Politicians don’t just work for the American people. Corporations spend millions of dollars on political action committees, lobbyists, and campaigns each election cycle to ensure legislators will pass laws that are in their favor and derail ones that aren’t. That means when Americans vote this November, many will be voting for candidates who have taken thousands of dollars from the restaurant and bar sector over the past year. Campaign finance data reveals the political leanings of America’s top fast-food corporations and their employees.
Federal law prohibits corporations and labor unions from donating directly to political candidates, so large companies typically don’t openly support individuals who are running for office. Their CEOs and employees can independently donate to candidates, however — or to company-sponsored political action committees (PACs). Corporate PACs pool money from employees and donate it to candidates (up to $5,000 per candidate, per election) or political parties (up to $10,000), or spend them on political ads. Companies can also hire lobbyists to advocate for their business to members of Congress. All these methods give them indirect ways to contribute to politicians’ campaigns and fundraising.
Perhaps surprisingly, restaurant giants like McDonald’s and Wendy’s aren’t directing their money toward presidential campaigns. Eater’s analysis of political donations associated with the top fast-food companies in America showed no major fast-food CEO or PAC has donated directly to either Joe Biden or Donald Trump in 2020. Instead, they’re pushing their money toward political organizations, congresspeople, and other PACs; these groups, in turn, push for specific political candidates, policies, and causes that benefit large corporations.
Republican candidates and conservative causes often receive the bulk of fast-food PAC dollars, compared to Democrats, Eater’s analysis shows. This is unsurprising. Republicans have historically supported tax benefits for large corporations, as well as lighter government regulation on big business. Meanwhile, in a country where fast-food workers are fighting for higher minimum wage laws and union protections, Democrats often see more support from low-wage workers due to the party’s views on labor unions, minimum wage, and health care.
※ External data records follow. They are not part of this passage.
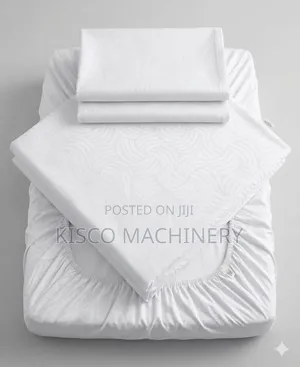 Plain Patterned Fitted Bedsheets Size 6by7
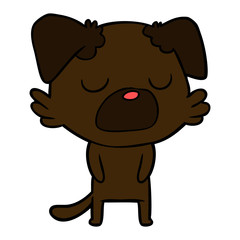 cartoon dog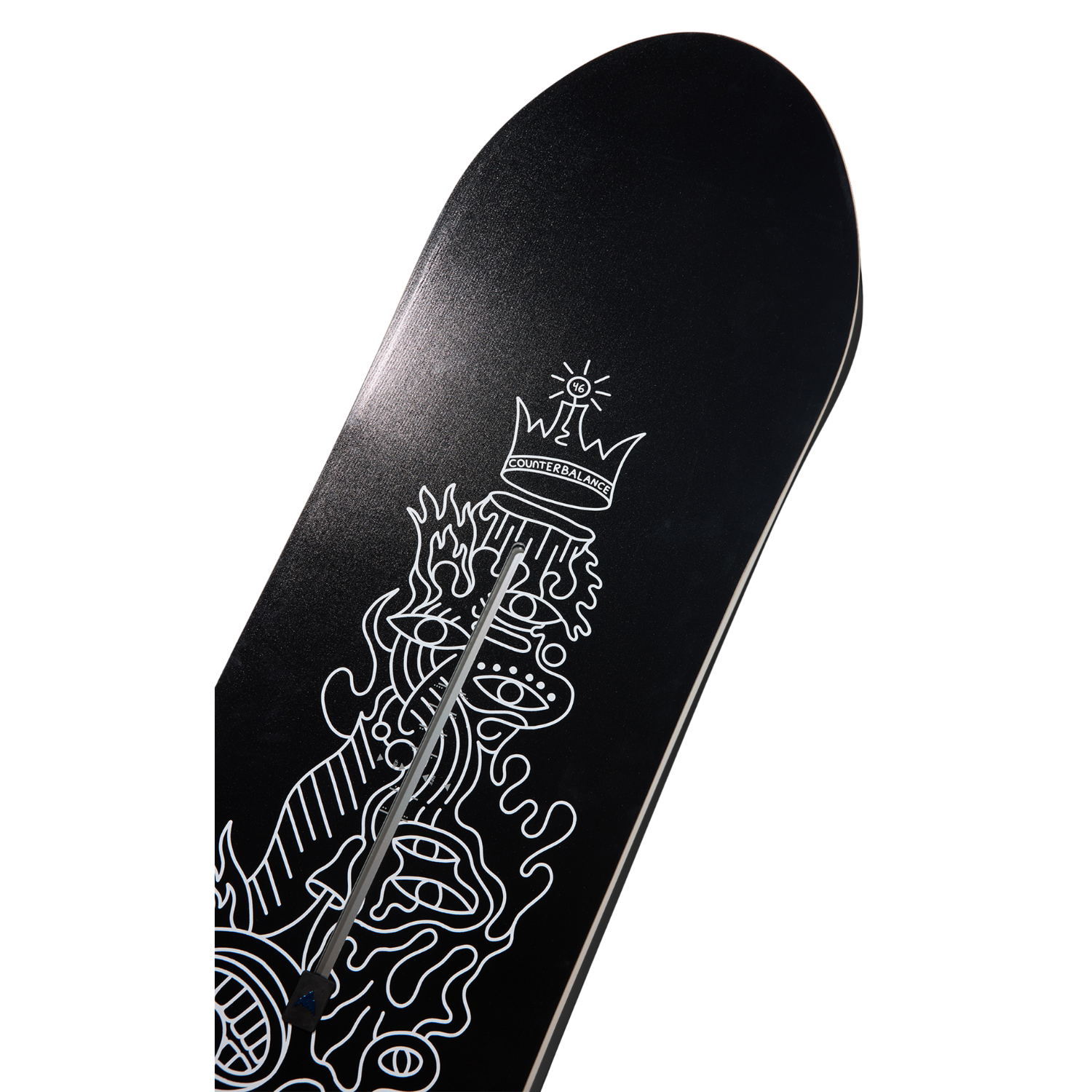 Burton Counterbalance Hallucinate Snowboard 2026 - Unisex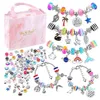 Hawaii Bangles Charm Bracelet sell with package Charms Beads Accessories Diy Jewelry Christmas and Children's Day gifts for K225i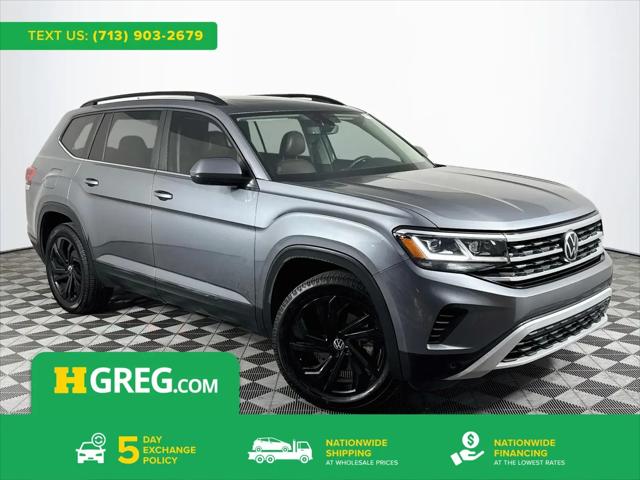 2022 Volkswagen Atlas 2.0T SE w/Technology for sale in Houston, TX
Sen. Susan Collins of Maine, who has received more money from major fast-food PACs than most other politicians ($21,000 in 2020), is indicative of this trend. Viewed as a moderate Republican who is sometimes a swing vote on issues like health care mandates and tax cuts, Collins has a record of arguing against raising the minimum wage. She is also a member of the Senate Committee on Health, Education, Labor, and Pensions, which helps pass policies on employment standards, wages, and foreign labor. Mitch McConnell, the Republican Senate majority leader, who also serves on the Senate Committee on Agriculture, Nutrition, and Forestry — which has jurisdiction over agricultural production and nutrition policies — has received $10,000 during the 2020 cycle from PACs serving the leading fast-food companies. Top Democrat recipients of fast-food PAC donations, like Florida representative Stephanie Murphy, are also viewed as more moderate. Murphy has received $17,500 from the nation’s leading fast-food company PACs, according to Eater’s analysis.
To get a clearer picture of how fast-food companies and their employees support political candidates, Eater looked at Federal Election Commission data and data from OpenSecrets, which tracks campaign donation spending. Eater focused on the top 10 major fast-food companies, based on U.S. sales and number of locations:
- Yum Brands (KFC, Pizza Hut, Taco Bell)
- Restaurant Brands International (Burger King, Popeyes, Tim Hortons)
- Dunkin’ Brands (Dunkin’ and Baskin-Robbins)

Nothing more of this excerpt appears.